DATA:
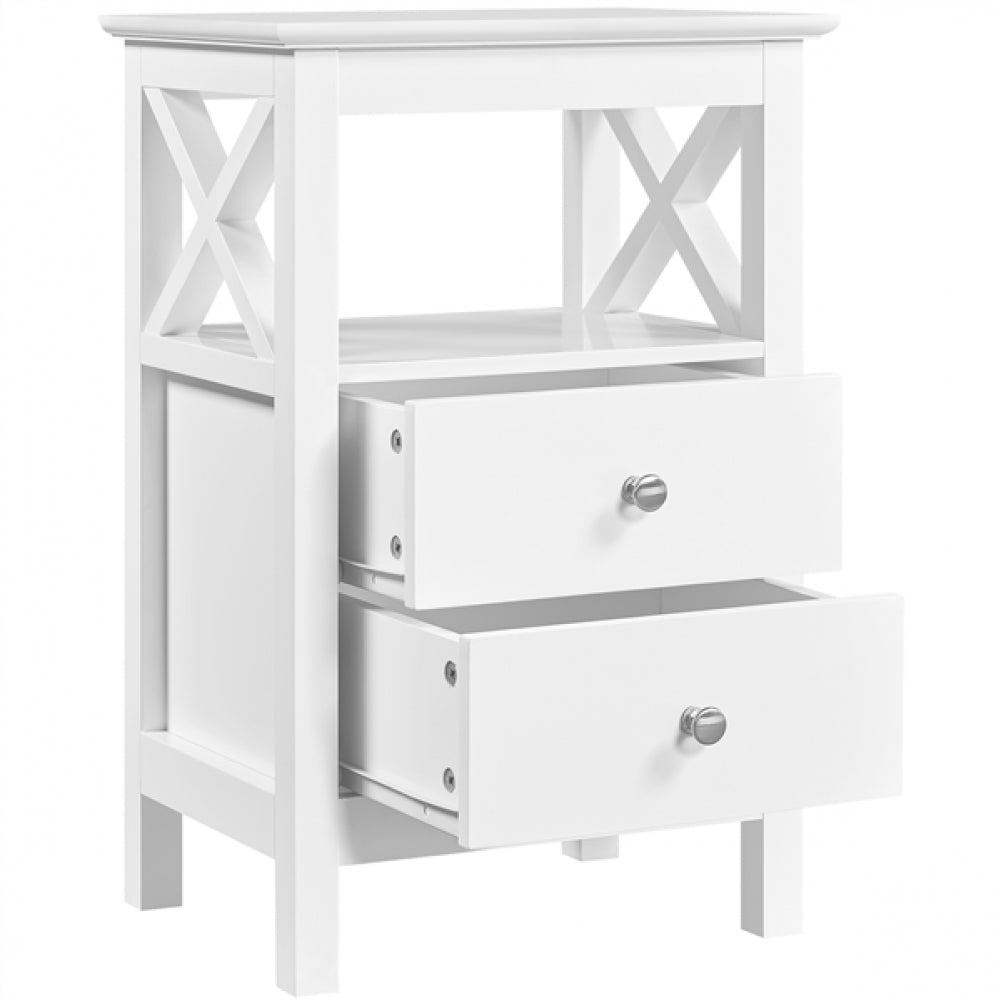 Farmhouse Bedside Table with 2 Drawer 1 Shelf Storage Cabinet Sofa Side Table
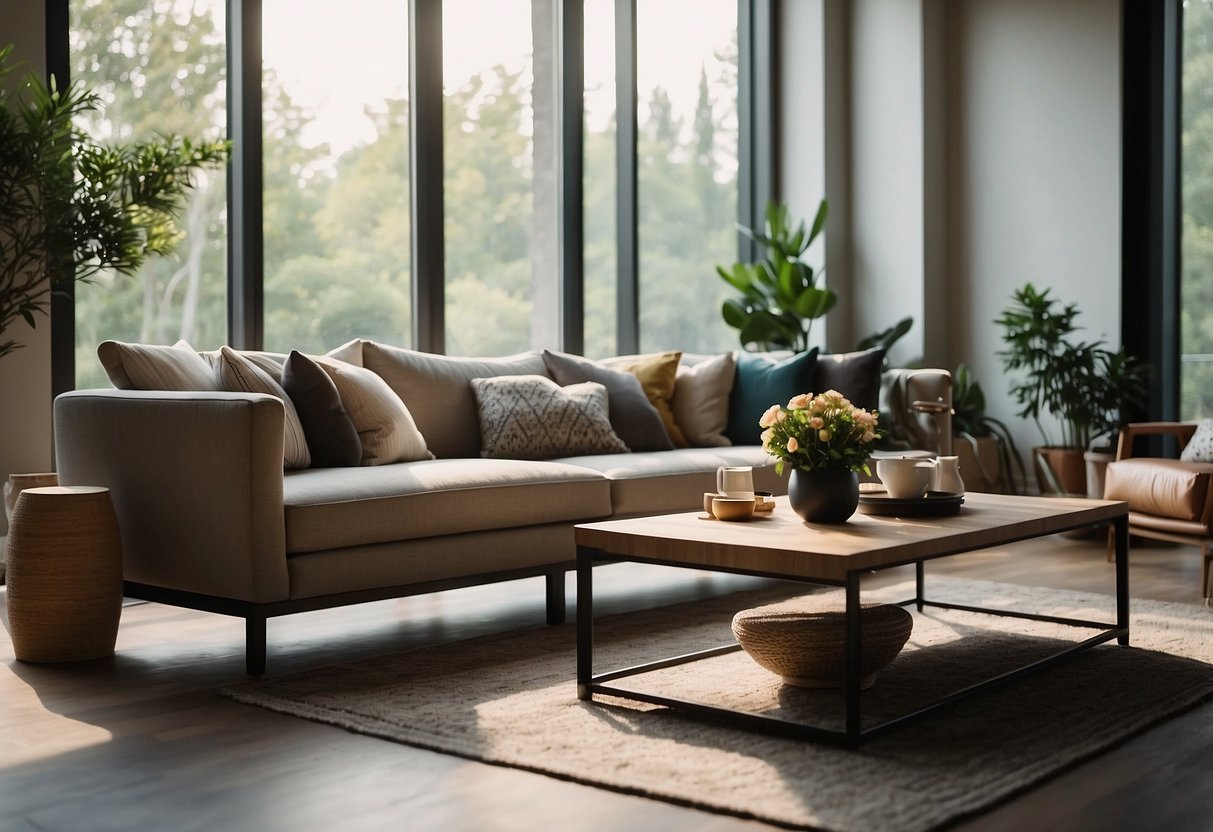 A cozy living room with a modern sofa, a sleek coffee table, and a stylish rug. Shelves filled with decorative items, and a large window letting in natural light
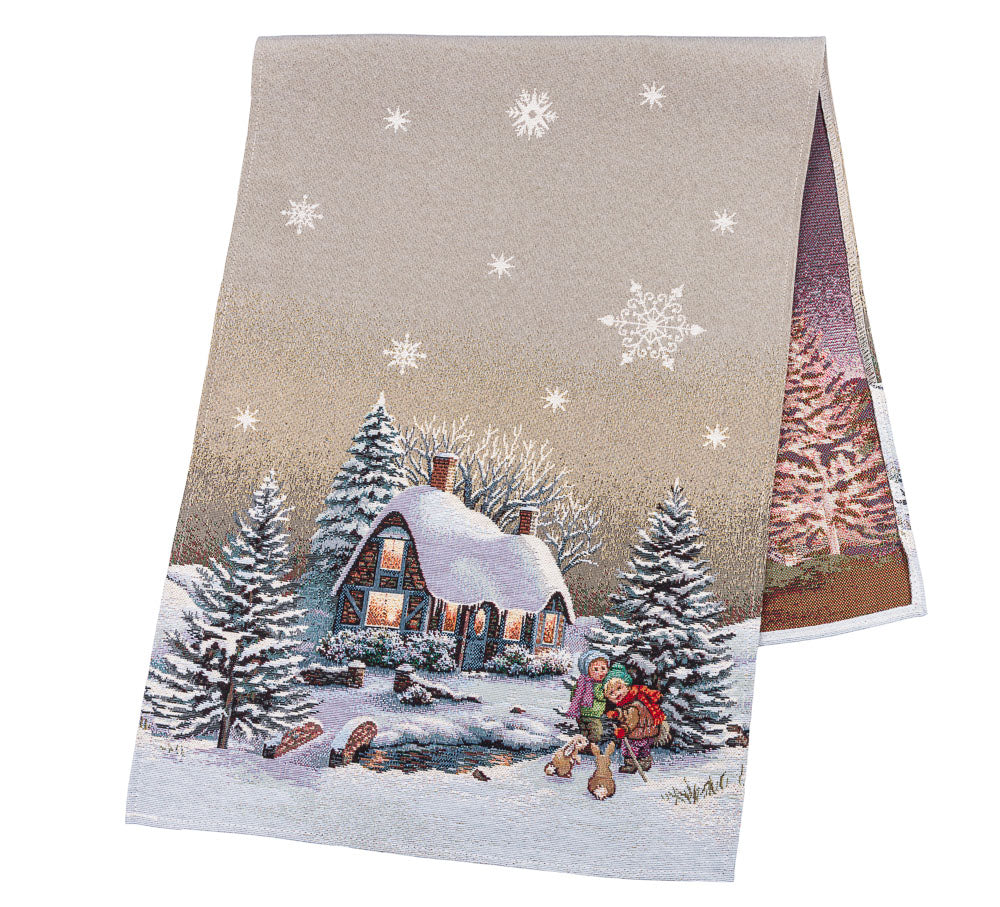 Christmas Tapestry Table runner «Winter Day Magic» without lurex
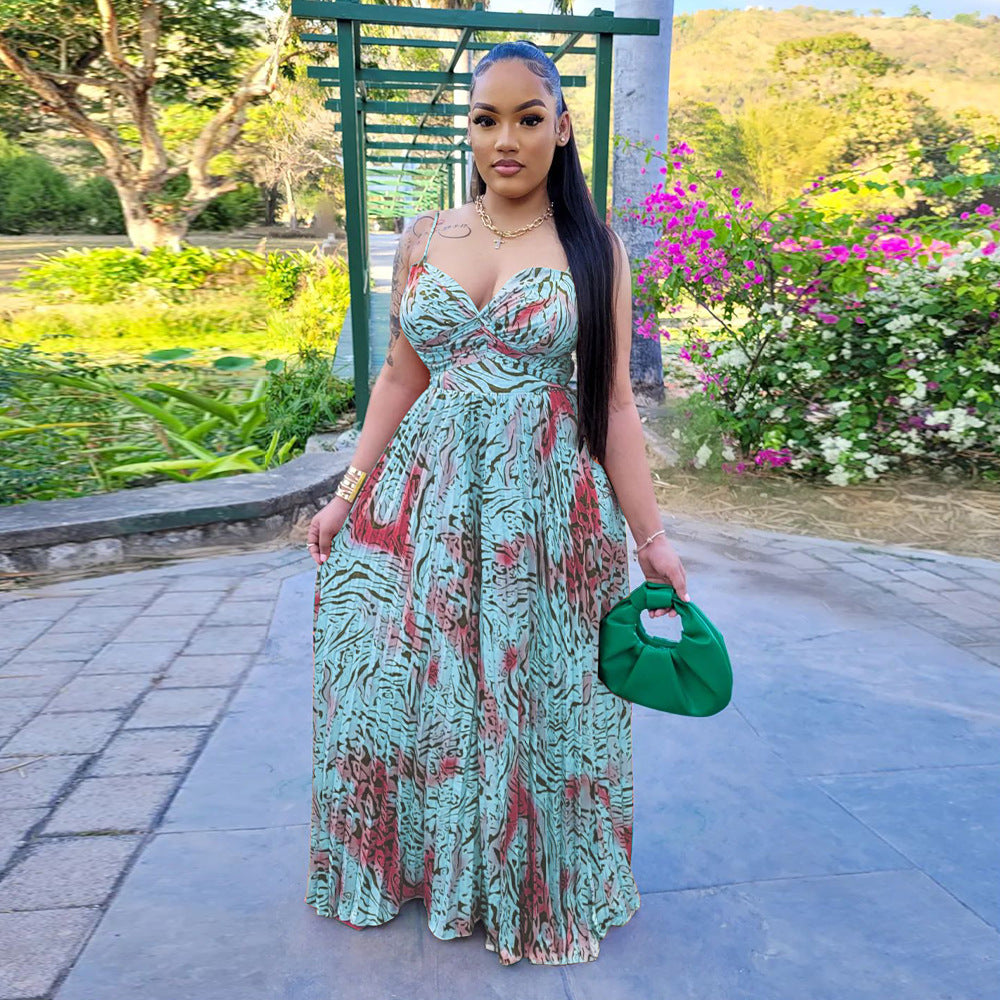 CM.YAYA Women Leopard Spaghetti Strap Loose Wide Leg Sleeveless Jumpsuit 2023 Summer Street Playsuit One Piece Suit Romper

TASK DESCRIPTION: In the data above, please extract the lines from the first one through the line with "A cozy living", exactly, and keep pictures out.

TASK RESPONSE:
 Farmhouse Bedside Table with 2 Drawer 1 Shelf Storage Cabinet Sofa Side Table
 A cozy living room with a modern sofa, a sleek coffee table, and a stylish rug. Shelves filled with decorative items, and a large window letting in natural light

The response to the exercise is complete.